AIM OF THE TASK — Repeat every line of the data exactly; no picture belongs in the copy.

DATA BELOW —
"""

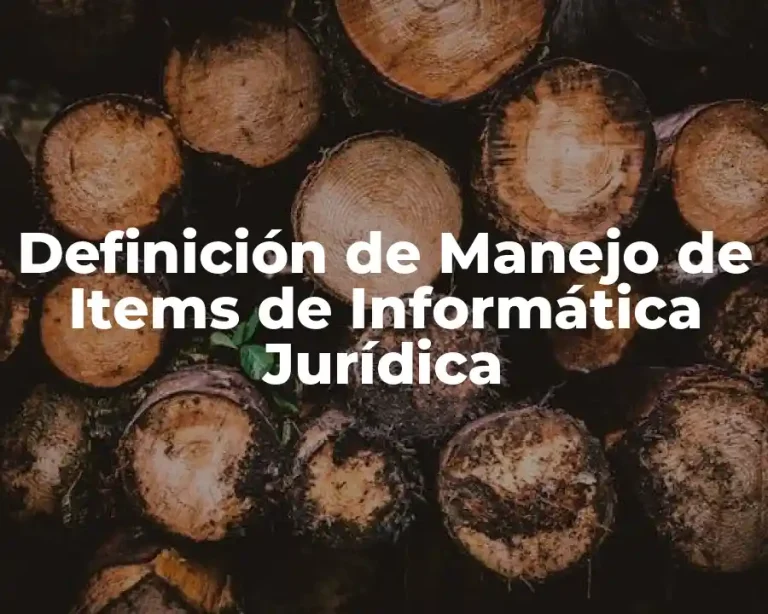 Definición de Manejo de Items de Informática Jurídica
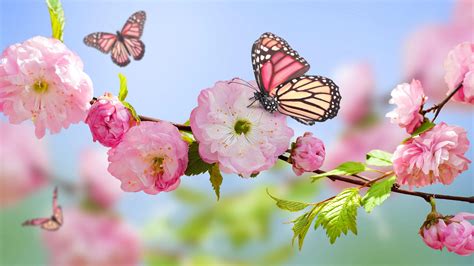 Pink Butterfly On The Blossom Trees Hd Wallpaper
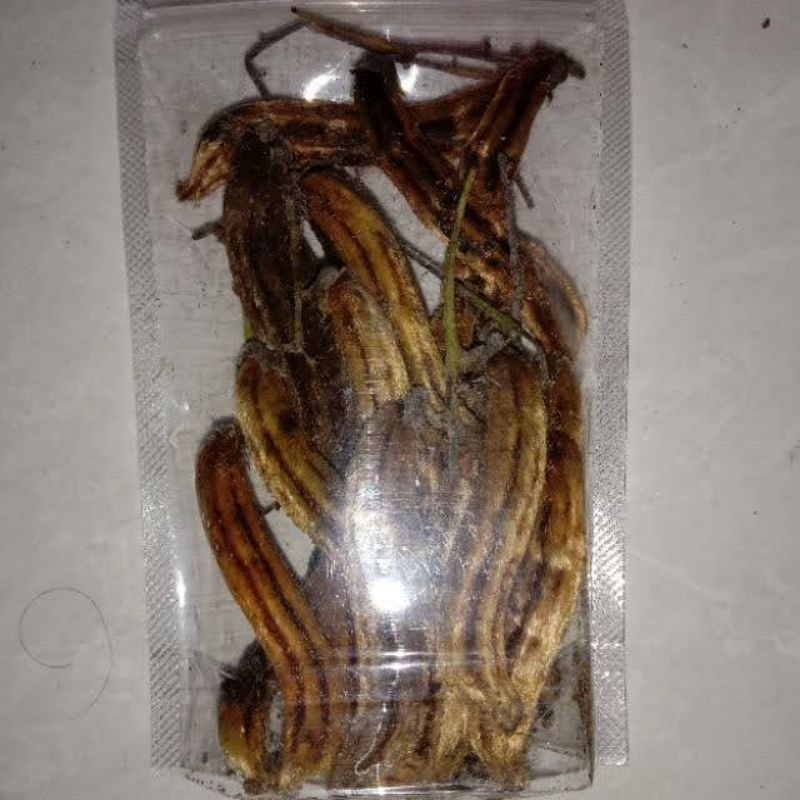 

Rawe Gatal Kara benguk atau kacang babi (Mucuna pruriens)
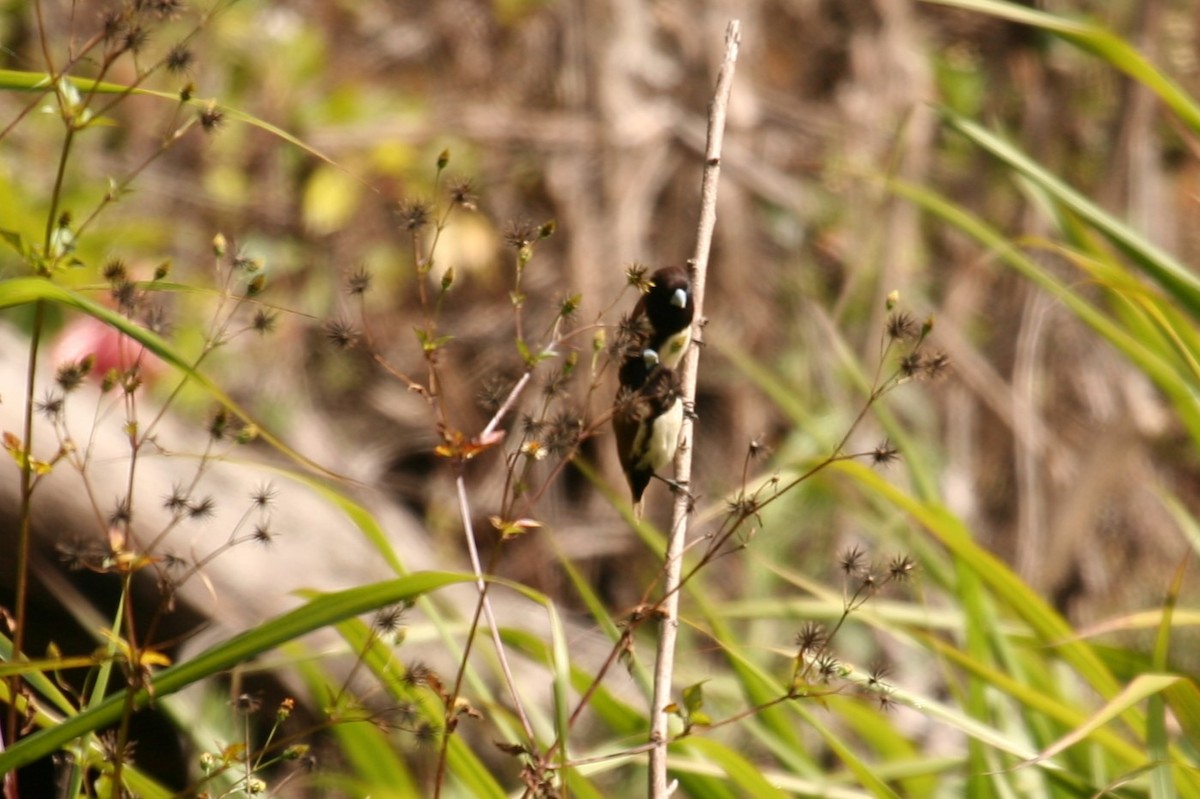 Black-breasted Munia - ML622703213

"""

PROBLEM SOLUTION —
 Definición de Manejo de Items de Informática Jurídica
 Pink Butterfly On The Blossom Trees Hd Wallpaper

Rawe Gatal Kara benguk atau kacang babi (Mucuna pruriens)
 Black-breasted Munia - ML622703213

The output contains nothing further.